_EXERCISE PROMPT_: Output the data below only from the line containing "a spacious bathroom" up to and including the line containing "Children on balcony of wooden playhouse", exact and with the pictures left out.

_DATASET CONTENT_:
----------

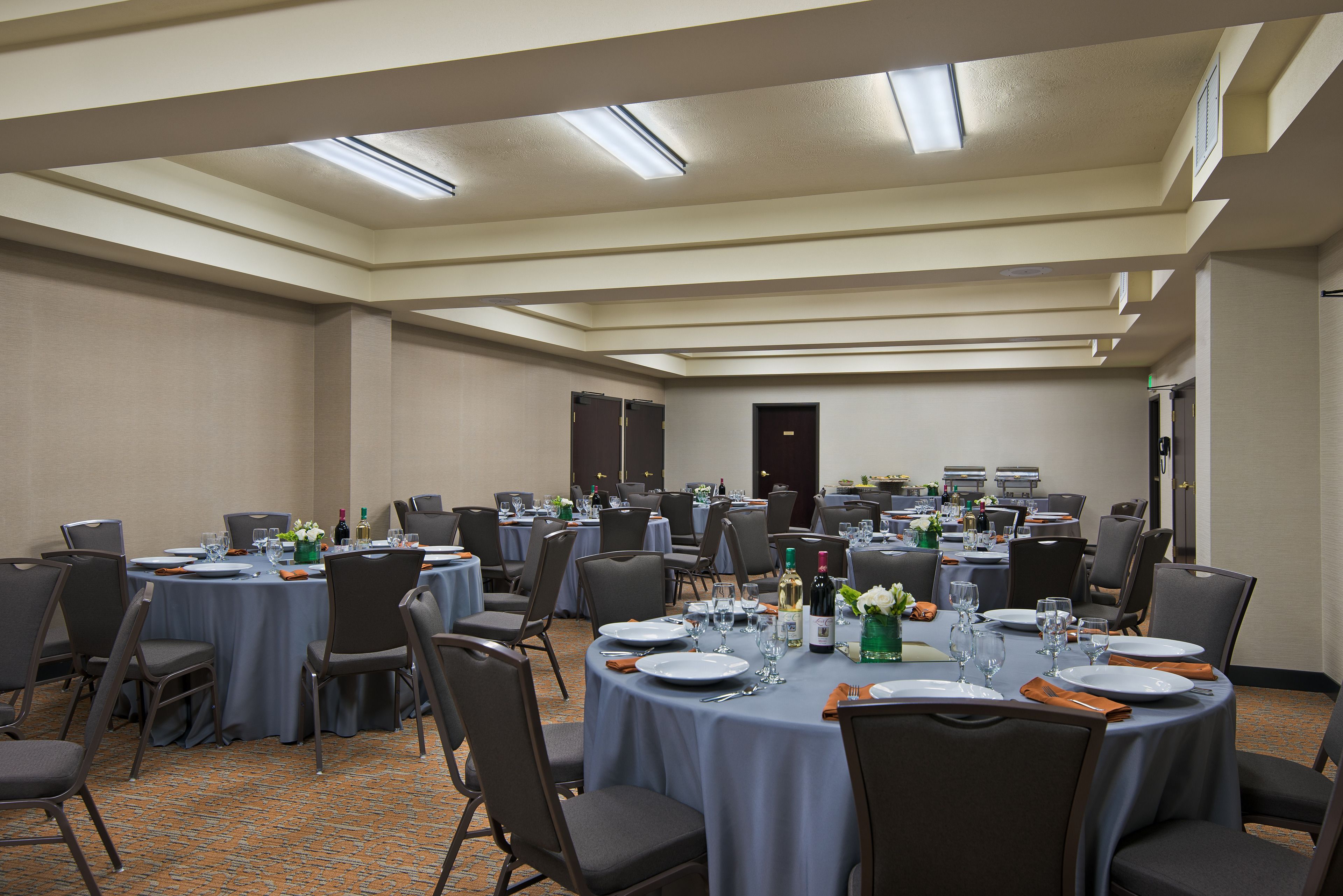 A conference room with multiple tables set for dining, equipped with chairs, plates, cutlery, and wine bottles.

----------

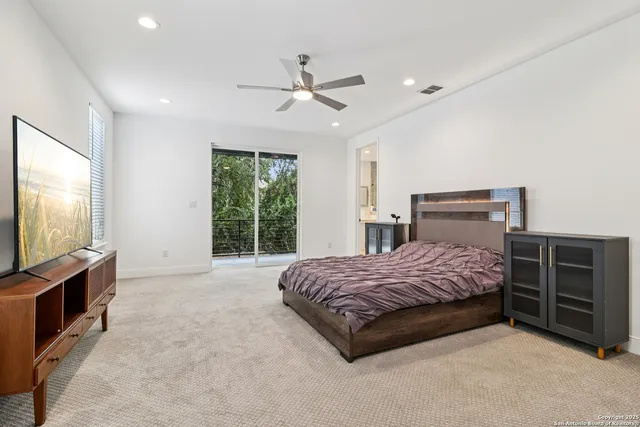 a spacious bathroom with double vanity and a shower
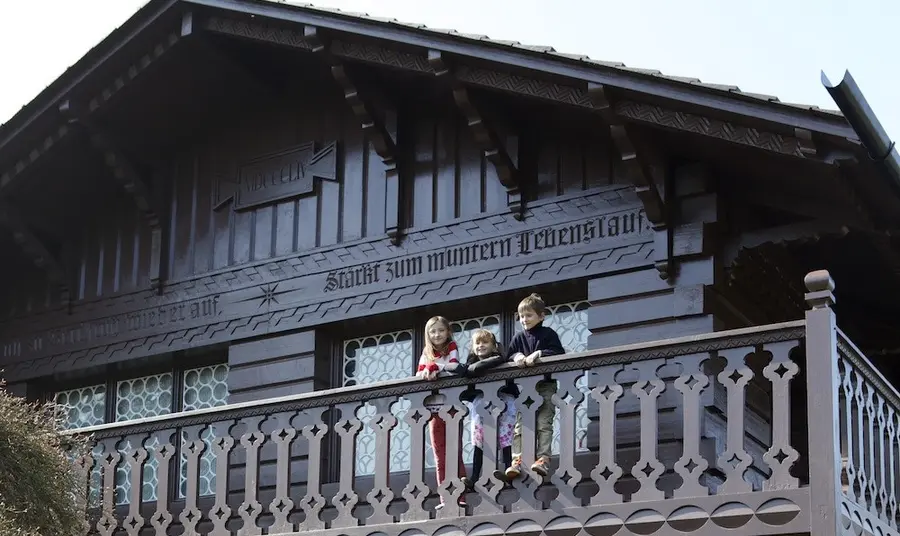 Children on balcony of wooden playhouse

----------

_SOLUTION BELOW_:
 a spacious bathroom with double vanity and a shower
 Children on balcony of wooden playhouse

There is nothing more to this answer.